___ Data provided

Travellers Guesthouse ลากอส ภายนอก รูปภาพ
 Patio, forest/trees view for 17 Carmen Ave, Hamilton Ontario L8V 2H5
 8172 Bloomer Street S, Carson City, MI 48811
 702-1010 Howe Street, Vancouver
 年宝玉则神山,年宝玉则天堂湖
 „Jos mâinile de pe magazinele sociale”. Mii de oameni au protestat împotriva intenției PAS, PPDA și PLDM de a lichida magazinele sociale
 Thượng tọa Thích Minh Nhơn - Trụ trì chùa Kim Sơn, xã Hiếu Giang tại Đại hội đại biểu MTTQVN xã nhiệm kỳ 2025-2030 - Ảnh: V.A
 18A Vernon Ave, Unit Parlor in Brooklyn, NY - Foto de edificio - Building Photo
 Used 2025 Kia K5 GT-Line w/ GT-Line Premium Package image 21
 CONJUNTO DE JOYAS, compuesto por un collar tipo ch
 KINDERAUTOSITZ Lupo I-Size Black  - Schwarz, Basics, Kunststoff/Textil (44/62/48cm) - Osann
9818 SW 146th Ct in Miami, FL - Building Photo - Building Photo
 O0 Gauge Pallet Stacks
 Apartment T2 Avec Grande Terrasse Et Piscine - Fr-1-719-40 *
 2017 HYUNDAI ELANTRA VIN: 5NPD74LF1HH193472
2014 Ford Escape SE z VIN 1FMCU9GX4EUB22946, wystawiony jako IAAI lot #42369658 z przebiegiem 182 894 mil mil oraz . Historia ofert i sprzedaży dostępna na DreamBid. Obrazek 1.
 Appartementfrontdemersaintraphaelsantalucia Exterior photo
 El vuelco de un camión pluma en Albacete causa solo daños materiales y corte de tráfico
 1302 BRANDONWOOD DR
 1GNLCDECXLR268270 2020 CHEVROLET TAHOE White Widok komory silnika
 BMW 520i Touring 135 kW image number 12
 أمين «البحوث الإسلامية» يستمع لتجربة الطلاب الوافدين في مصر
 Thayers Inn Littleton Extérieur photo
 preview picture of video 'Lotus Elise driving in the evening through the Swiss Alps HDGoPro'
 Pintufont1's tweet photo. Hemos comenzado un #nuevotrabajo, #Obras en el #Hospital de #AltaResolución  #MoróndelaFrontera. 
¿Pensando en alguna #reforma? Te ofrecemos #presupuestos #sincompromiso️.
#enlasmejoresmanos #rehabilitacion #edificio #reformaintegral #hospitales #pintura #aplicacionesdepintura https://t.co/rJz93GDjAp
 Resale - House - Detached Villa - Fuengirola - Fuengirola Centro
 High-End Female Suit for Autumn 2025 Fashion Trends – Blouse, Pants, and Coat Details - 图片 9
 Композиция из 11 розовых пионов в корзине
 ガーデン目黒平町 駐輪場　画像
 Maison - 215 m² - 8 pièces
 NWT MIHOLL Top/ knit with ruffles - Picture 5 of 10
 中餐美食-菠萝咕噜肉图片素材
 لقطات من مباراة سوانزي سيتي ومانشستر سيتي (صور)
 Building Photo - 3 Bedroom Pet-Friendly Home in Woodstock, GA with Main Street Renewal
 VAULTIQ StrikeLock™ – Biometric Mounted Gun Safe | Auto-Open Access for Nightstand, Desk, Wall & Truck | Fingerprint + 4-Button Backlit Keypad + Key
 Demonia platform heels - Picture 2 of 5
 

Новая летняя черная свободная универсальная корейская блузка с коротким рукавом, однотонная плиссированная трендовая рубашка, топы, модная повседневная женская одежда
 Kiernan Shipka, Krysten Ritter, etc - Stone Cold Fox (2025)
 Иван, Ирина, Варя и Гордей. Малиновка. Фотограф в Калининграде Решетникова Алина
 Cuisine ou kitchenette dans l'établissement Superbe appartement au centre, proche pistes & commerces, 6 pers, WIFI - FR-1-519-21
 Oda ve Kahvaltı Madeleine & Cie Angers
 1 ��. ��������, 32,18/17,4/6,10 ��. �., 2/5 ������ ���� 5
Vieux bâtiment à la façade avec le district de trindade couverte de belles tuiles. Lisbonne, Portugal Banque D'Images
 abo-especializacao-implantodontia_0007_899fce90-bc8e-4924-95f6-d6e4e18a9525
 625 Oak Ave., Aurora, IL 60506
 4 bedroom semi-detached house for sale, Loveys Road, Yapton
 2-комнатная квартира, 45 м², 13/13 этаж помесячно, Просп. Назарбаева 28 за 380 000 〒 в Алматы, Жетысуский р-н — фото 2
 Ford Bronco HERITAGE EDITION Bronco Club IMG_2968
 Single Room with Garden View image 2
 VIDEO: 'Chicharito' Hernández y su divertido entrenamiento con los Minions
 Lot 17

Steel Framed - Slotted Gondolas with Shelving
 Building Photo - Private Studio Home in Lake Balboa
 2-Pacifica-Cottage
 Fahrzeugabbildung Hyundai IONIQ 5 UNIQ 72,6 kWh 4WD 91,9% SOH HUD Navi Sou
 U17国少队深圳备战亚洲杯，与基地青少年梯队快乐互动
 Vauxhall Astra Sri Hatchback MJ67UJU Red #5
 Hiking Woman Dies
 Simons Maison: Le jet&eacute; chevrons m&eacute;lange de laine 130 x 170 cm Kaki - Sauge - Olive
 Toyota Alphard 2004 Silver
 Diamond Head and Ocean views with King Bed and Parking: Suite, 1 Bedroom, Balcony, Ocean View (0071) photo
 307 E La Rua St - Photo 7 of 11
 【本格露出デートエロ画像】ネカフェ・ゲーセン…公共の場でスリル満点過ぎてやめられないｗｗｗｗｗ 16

______

*Try it*
In the listing above, start at the line with "8172 Bloomer Street S, Carson City, MI 48811", go on through the line with "Used 2025 Kia", and copy each of those lines exactly; leave out all the rest.

*Exercise response*
 8172 Bloomer Street S, Carson City, MI 48811
 702-1010 Howe Street, Vancouver
 年宝玉则神山,年宝玉则天堂湖
 „Jos mâinile de pe magazinele sociale”. Mii de oameni au protestat împotriva intenției PAS, PPDA și PLDM de a lichida magazinele sociale
 Thượng tọa Thích Minh Nhơn - Trụ trì chùa Kim Sơn, xã Hiếu Giang tại Đại hội đại biểu MTTQVN xã nhiệm kỳ 2025-2030 - Ảnh: V.A
 18A Vernon Ave, Unit Parlor in Brooklyn, NY - Foto de edificio - Building Photo
 Used 2025 Kia K5 GT-Line w/ GT-Line Premium Package image 21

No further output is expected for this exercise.